_INPUT FOR THIS TASK:_
%%

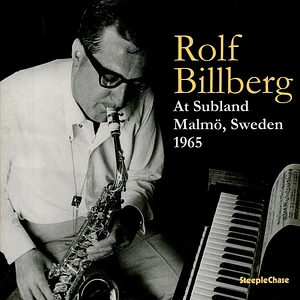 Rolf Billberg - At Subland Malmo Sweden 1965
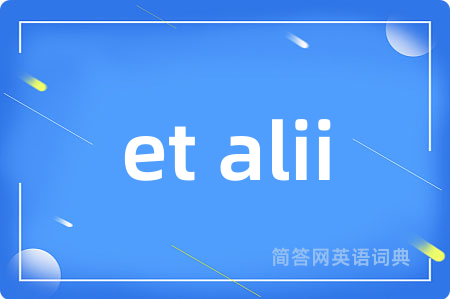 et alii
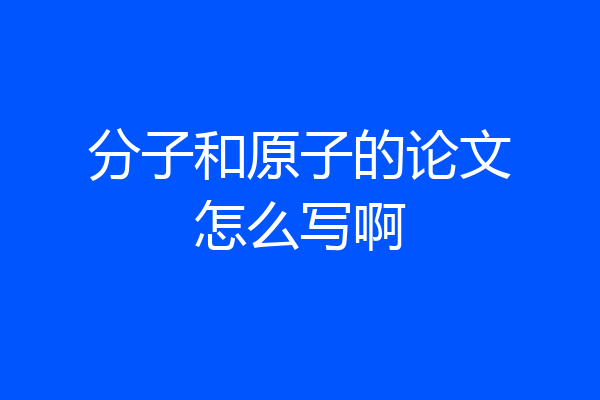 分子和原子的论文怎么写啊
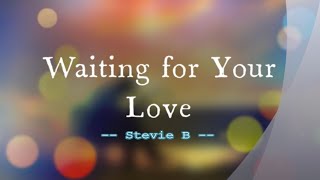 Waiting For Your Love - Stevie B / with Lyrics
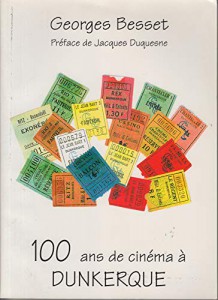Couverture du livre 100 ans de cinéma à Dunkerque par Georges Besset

%%
%%

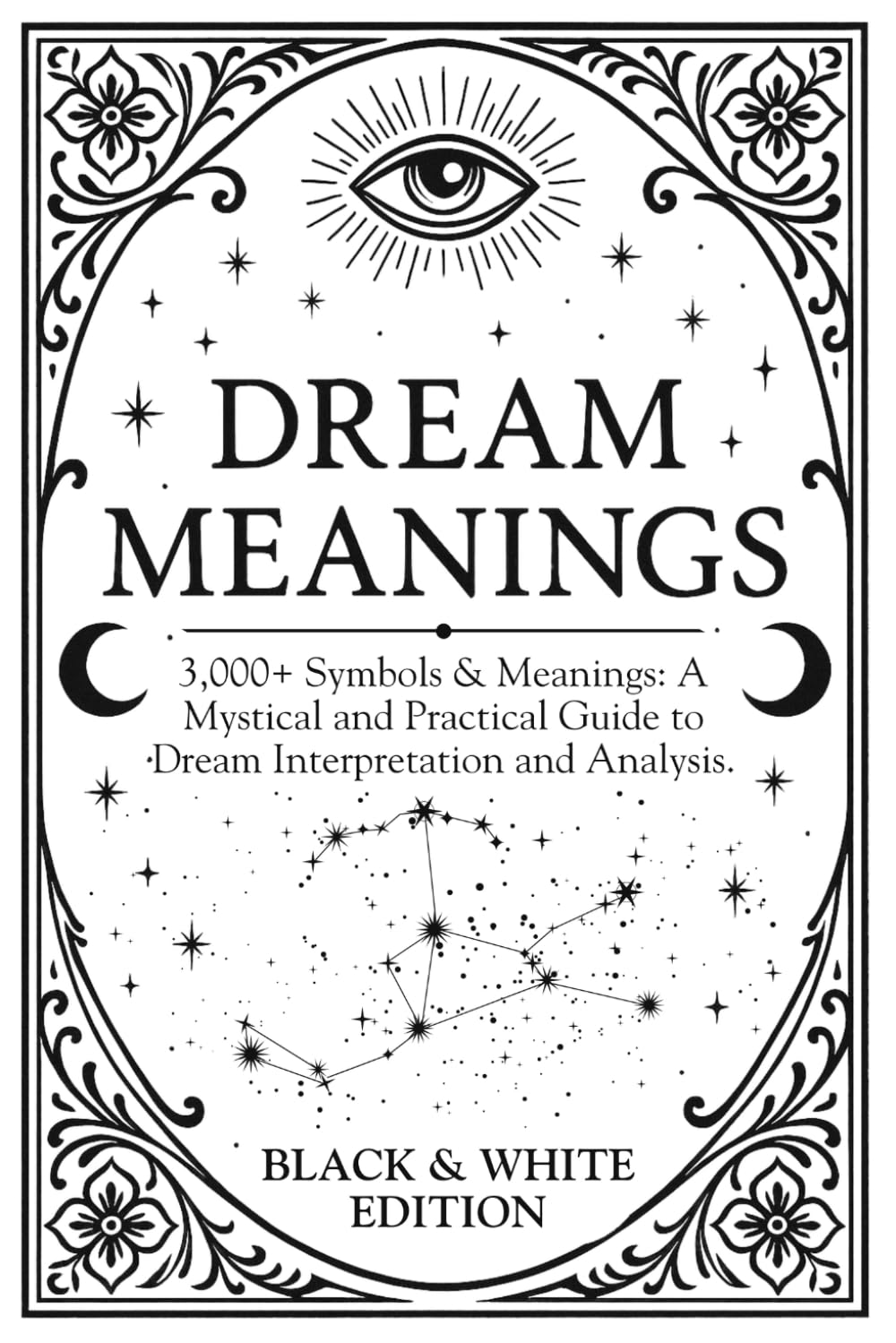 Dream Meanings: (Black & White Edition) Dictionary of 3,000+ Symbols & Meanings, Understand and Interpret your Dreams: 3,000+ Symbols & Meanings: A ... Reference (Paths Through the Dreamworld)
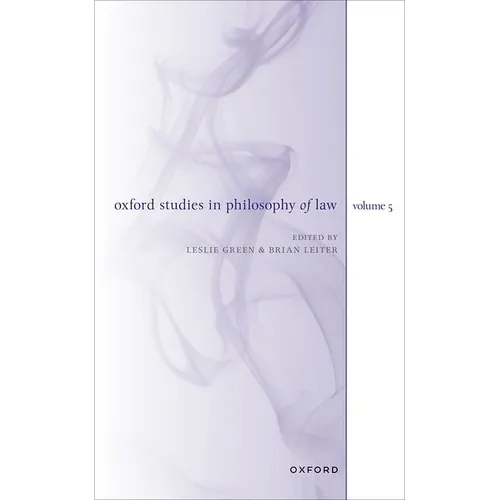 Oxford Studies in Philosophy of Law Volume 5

%%
%%

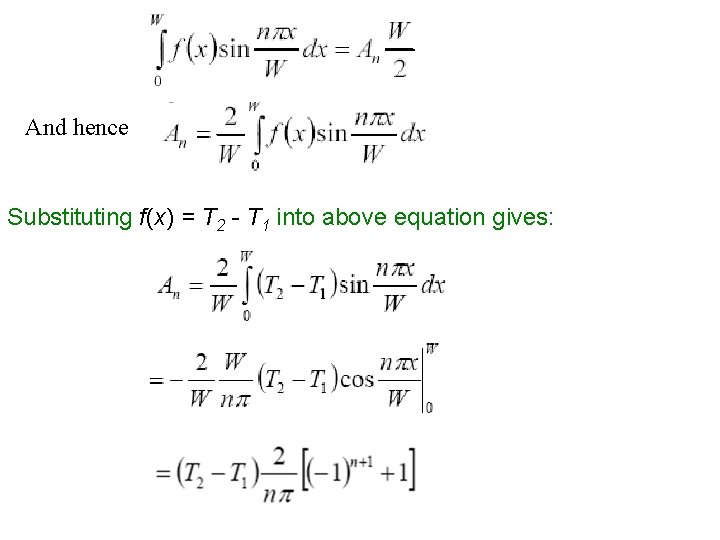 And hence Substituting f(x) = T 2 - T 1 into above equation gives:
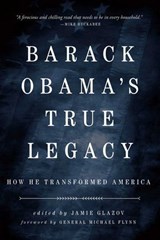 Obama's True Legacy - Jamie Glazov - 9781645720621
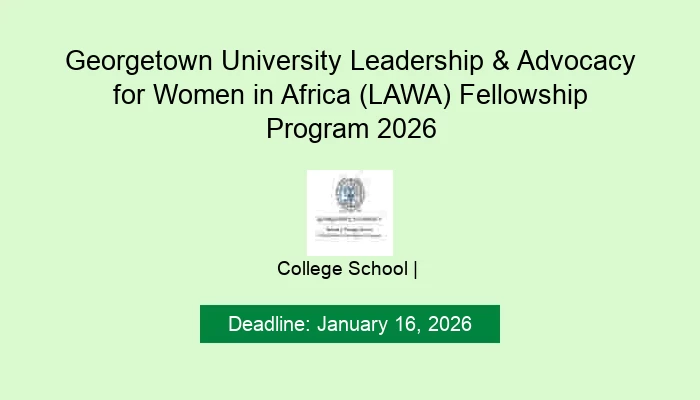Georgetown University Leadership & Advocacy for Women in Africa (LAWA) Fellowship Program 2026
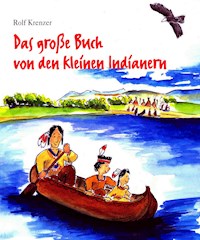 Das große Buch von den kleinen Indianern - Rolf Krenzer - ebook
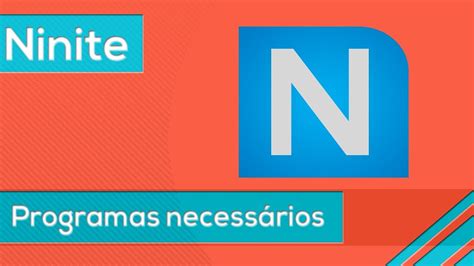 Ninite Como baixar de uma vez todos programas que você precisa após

%%

_HOW TO COMPLETE THIS TASK:_ In the entries above, find the line with "Dream Meanings: (Black" and the line with "Oxford Studies in Philosophy of Law Volume 5". Write out exactly those two lines and every line between them, pictures excluded.

_RESPONSE BELOW:_
 Dream Meanings: (Black & White Edition) Dictionary of 3,000+ Symbols & Meanings, Understand and Interpret your Dreams: 3,000+ Symbols & Meanings: A ... Reference (Paths Through the Dreamworld)
 Oxford Studies in Philosophy of Law Volume 5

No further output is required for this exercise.